Jenny Lind was an opera singer who sang at the Theatre Royal in Manchester. She too stayed with the Schwabes just a few days later. Chopin never spoke of the Schwabes without using the words "good" or "kind". He was said to be a charming guest, genuinely interested in all he saw. His frail health was to cause his demise only the following year of tuberculosis, aged 39 in October 1849.
Rumour has it that when Rhodes chimney had reached a height of about 20ft, a block and tackle was used to hoist a 'passenger basket' for local dignitaries to be hauled up to the top so that afterwards when the chimney was referred to as the highest in Europe, they could claim to have 'been up it'. Chopin is said to have been one of these but this is unlikely as his visit was a couple of years after it was built and although the evidence suggests he had indeed marvelled at the structure, his frail condition would not have allowed such a feat.
There were over a hundred German firms in Manchester by 1851 and the census of that year suggests the presence of one thousand persons of German birth. There were German language teachers in schools, music teachers and musicians, particularly in the orchestra of Charles Halle, the pianist and conductor, himself an exile, and also a personal friend of the Schwabes hailing from the same German province.
Halle had moved to England, settling in Manchester where he started a series of classical music concerts.
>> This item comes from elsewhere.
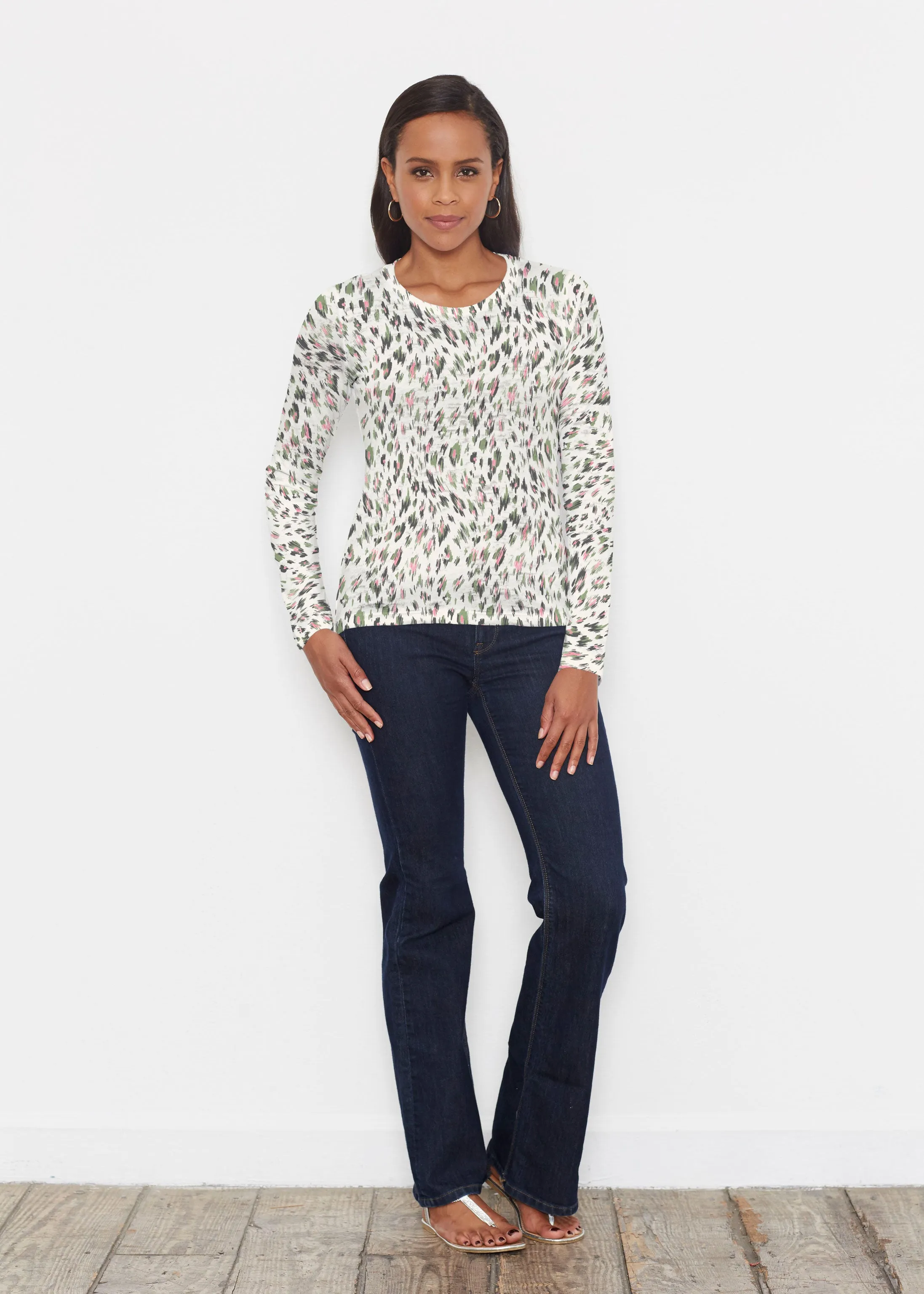 Leopard Bouquet (8019) ~ Signature Long Sleeve Crew Shirt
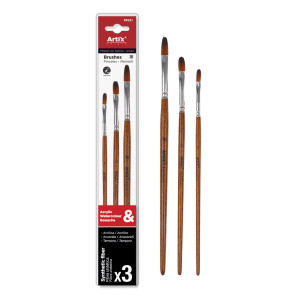 ARTIX PAINTS σετ πινέλων ζωγραφικής PP231, καφέ, 3τμχ | Αναλώσιμα - Είδη Γραφείου | elabstore.gr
He was an important influence in the musical education of England and founded his famous Manchester Orchestra in 1858 which thrives to this day. It was quoted, "They (the Germans) brought a new culture with them which was, like the Halle Orchestra, to remain long after they were gone and forgotten."
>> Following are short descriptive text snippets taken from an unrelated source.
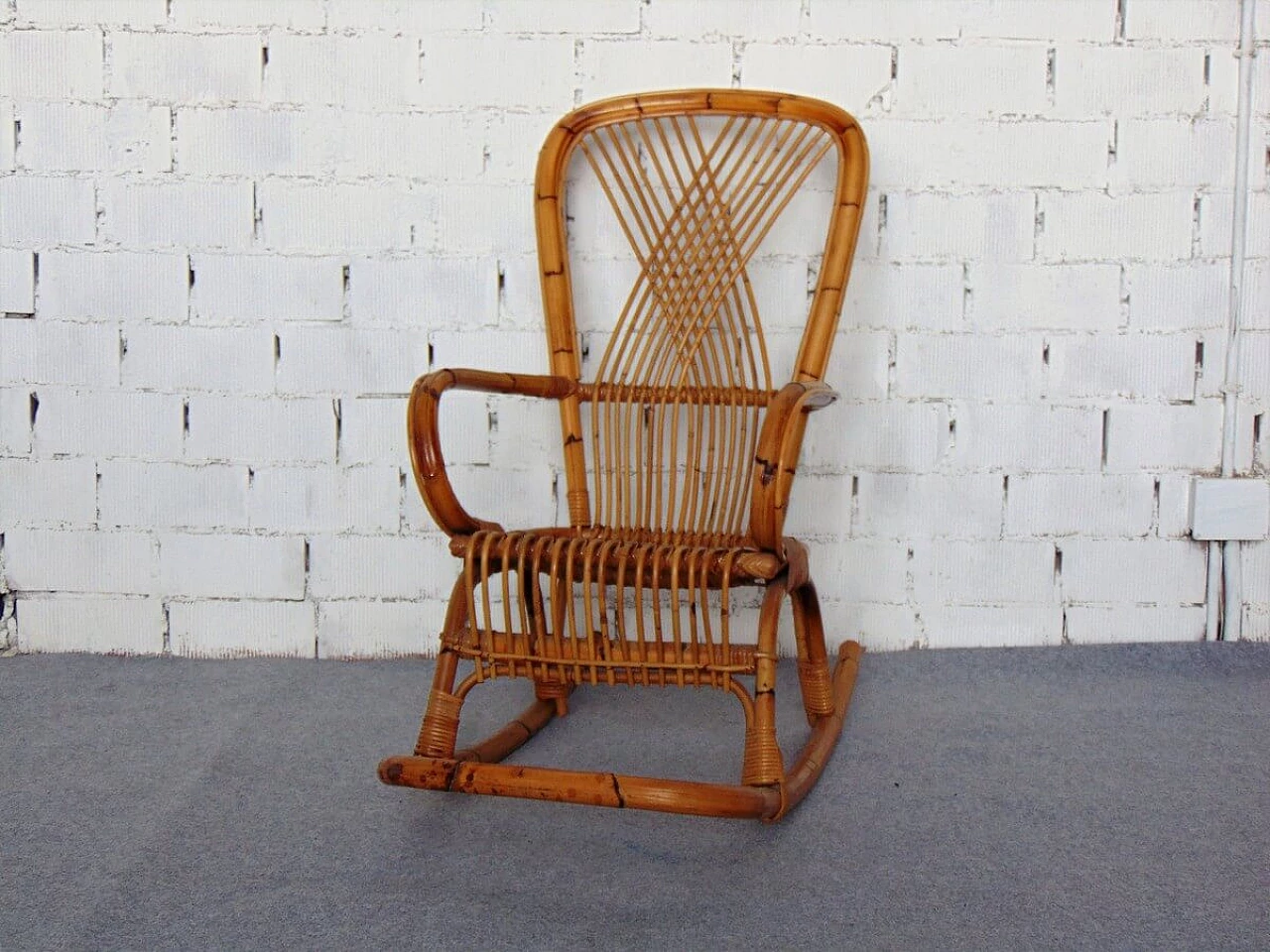 Armchair in bamboo and wicker, 1970s 1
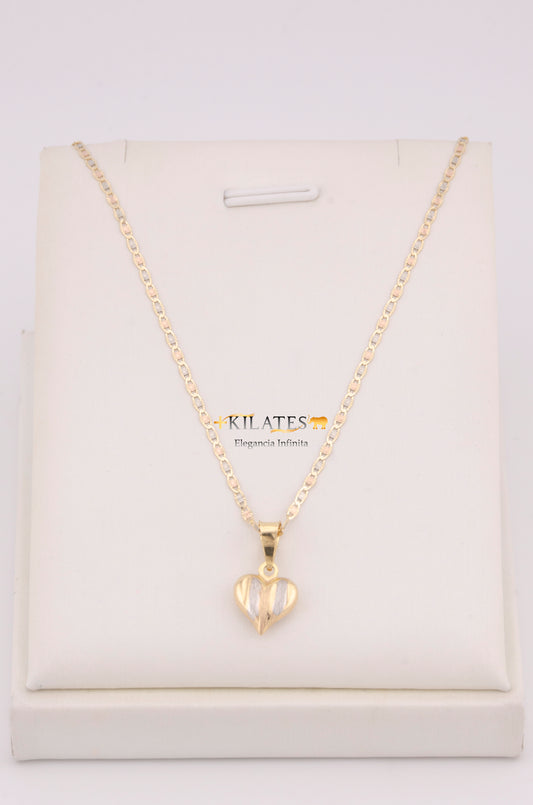 "CADENA PARA DAMA ESTILO 3 OROS CON DIJE DE CORAZON 3 TONOS . ORO 10K #775-3637"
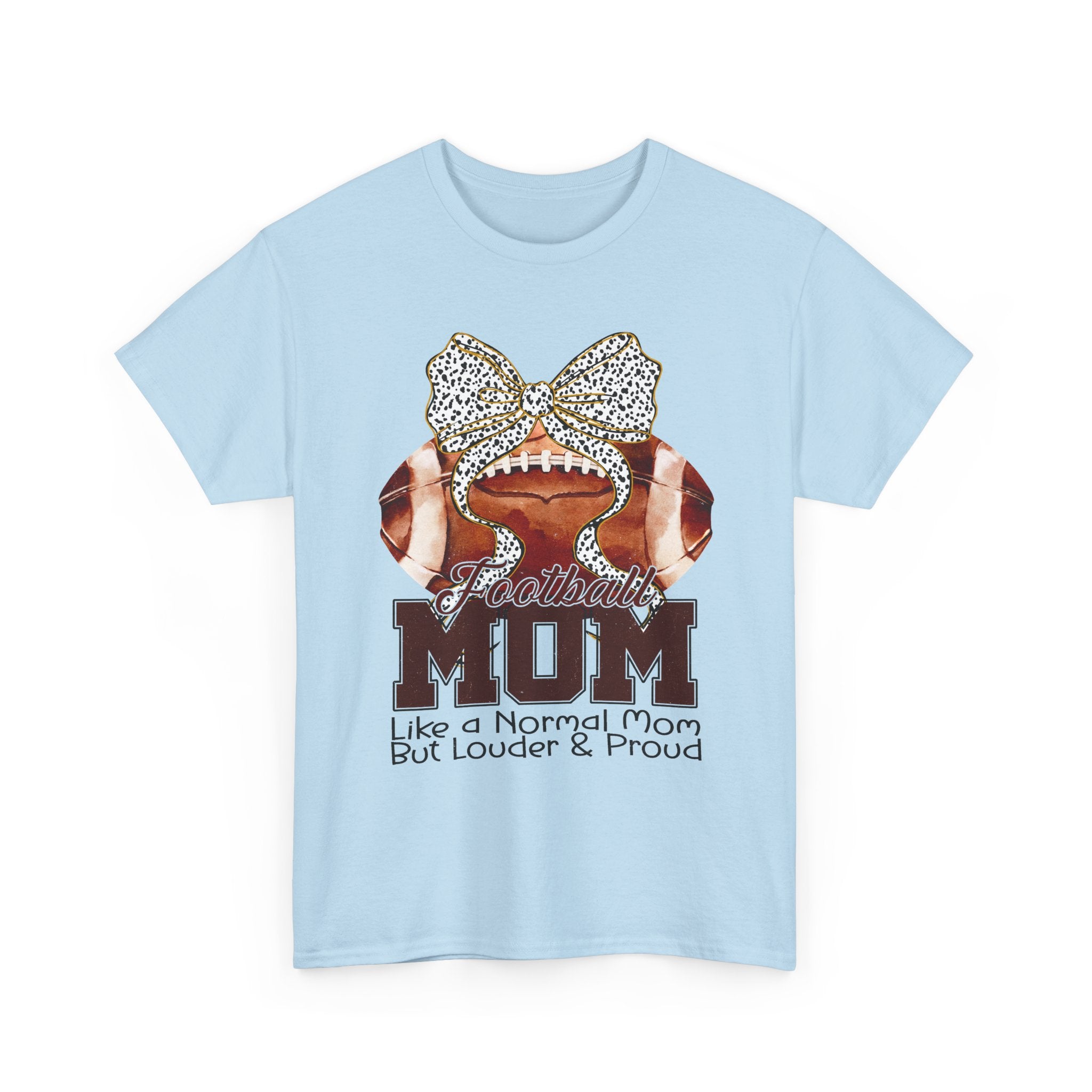Football Mom T-Shirt – “MOM Like a Normal Mom But Louder & Proud” Rhinestone Bow Game Day Tee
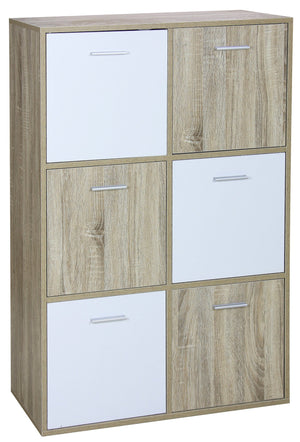 Mobile 6 Ante 77x30x115 cm in Legno Truciolare Bianco e Sonoma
Elizabeth Gaskell, often referred to simply as 'Mrs Gaskell', was an English novelist during the Victorian era. Her novels include Mary Barton, Cranford, North and South and Wives and Daughters. Her father, William Stevenson, was a Scottish Unitarian minister at Failsworth. Her husband William also had a literary career.
Their house in Plymouth Grove, Manchester, was a social centre for German families like the Schwabes, Jewish or otherwise. The Schwabes were also linked to the Cross Street Unitarian Chapel, of which her husband was junior minister. The Gaskells themselves stayed on many occasions at Crumpsall House, Glyn Garth and the Schwabes' Parisian house. Mrs Gaskell's letters portray Julia as one of her closest friends and confidantes, often referring to her tastes and opinions.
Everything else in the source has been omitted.